Modeling the ecohydrological processes in the Landes de Gascogne, SW France

In this study, we simulated the ecohydrological processes of a landscape that comprises of managed maritime pine stands and crops, in a spatially explicit manner. We used various spatio-temporal datasets to run the STEPS model that describes ecophysiological, biogeochemicaland hydrological processes in a tightly coupled manner. The simulated gross primary productivity (GPP) and evapotranspiration (ET) showed large spatial variability over this landscape owing to the heterogeneities in landcover, soil texture, topography and soil hydrology. Croplands exhibited higher magnitudes of GPP (200–2500 gCm⁻² yr⁻¹) and ET fluxes (150–800 mm yr⁻¹) in comparison to other landcover types.

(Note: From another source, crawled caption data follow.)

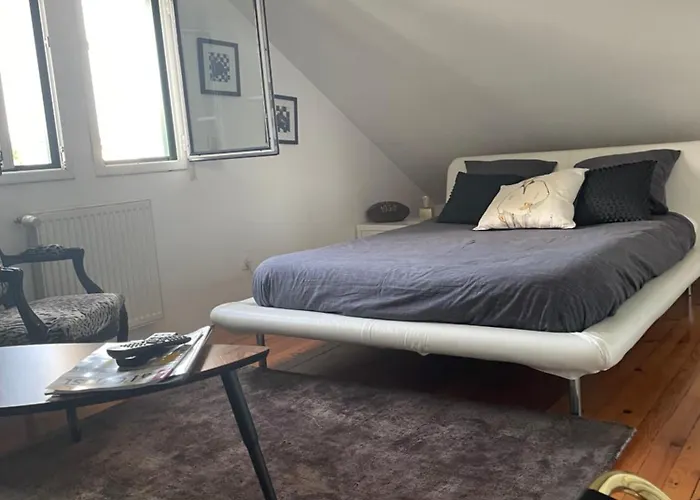 Chambre hôtes nichée sous les toits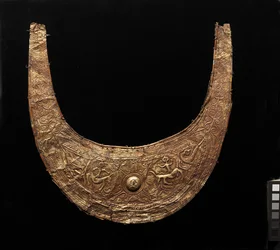 Halvemaanvormig ornament (tobelo)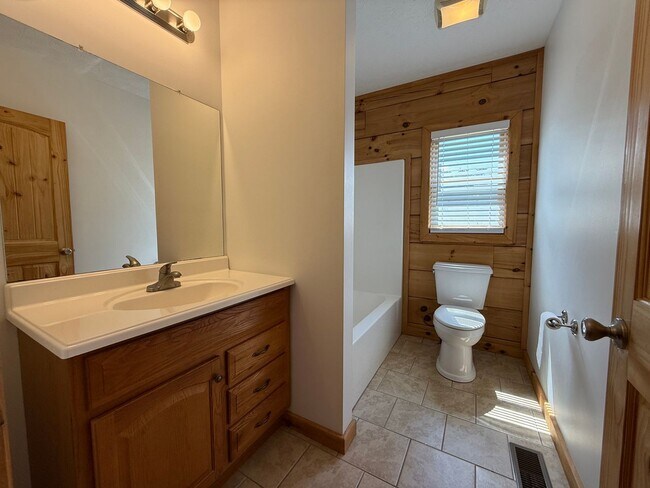 Building Photo - 1404 Maple Ln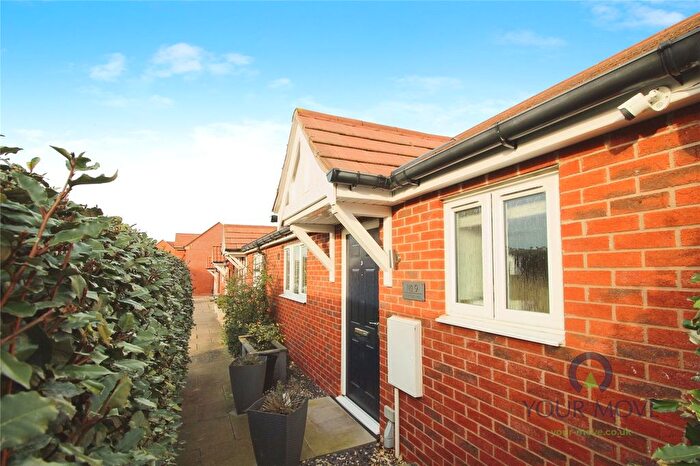 1 Bedroom Bungalow For Sale In Coneygreen Mews, Copcut, Droitwich, Worcestershire, WR9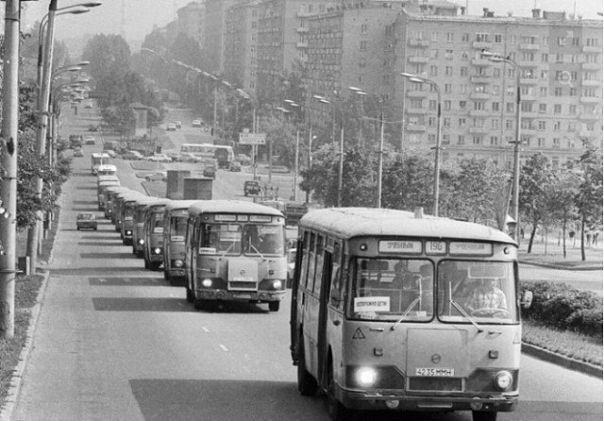 Колонна автобусов везет детей в пионерский лагерь, 1982 год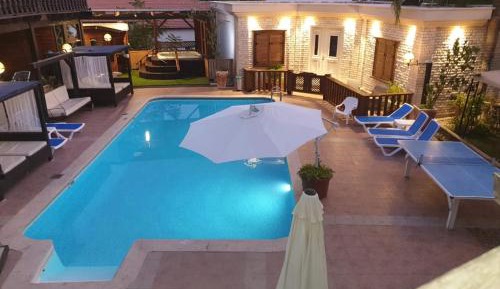 Two-Bedroom Suite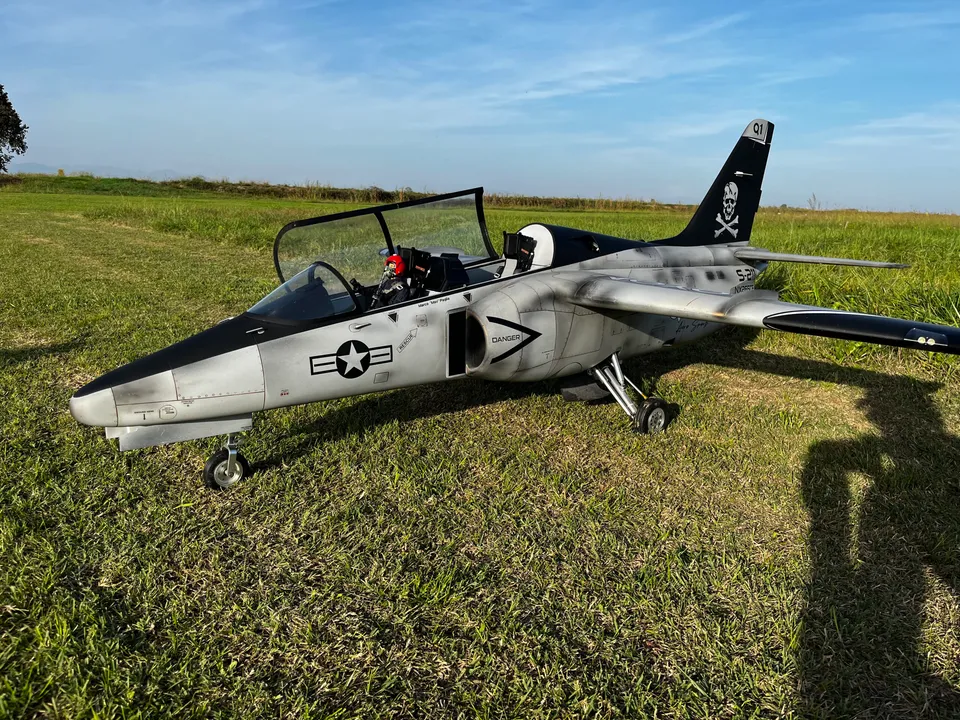 Arolab M311 kit modello aereo jet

Maize (C4) is generally cultivated in this landscape that is managed in terms of optimal availability of water and nutrients. The spatial variability was huge in the croplands due to the presence of fallow vs. cultivated lands. The maritime pine stands also showed considerable spatial variability in GPP (426 to 1320 gCm⁻² yr⁻¹) and ET (234 to 570 mm yr⁻¹) because of their stand ages (and the LAI) and depending on the nature of their understory species compositions. It was found that the understory contributions to the stand scale annual GPP and annual ET as much as 27% and 34%, respectively. The comparison of the simulated daily values with the measurements taken at the LeBray eddy covariance site (a maritime pine stand) revealed that the model performance were reasonable for both GPP (R2= 0.92, RMSE= 0.77 gC m⁻² day⁻¹) and ET (r2=0.81, RMSE= 0.52 mm day⁻¹). The seasonal patterns of ET fluxes were more dynamic than GPP due to the presence of distinct subcomponent processes that were uniquely governed by environmental factors.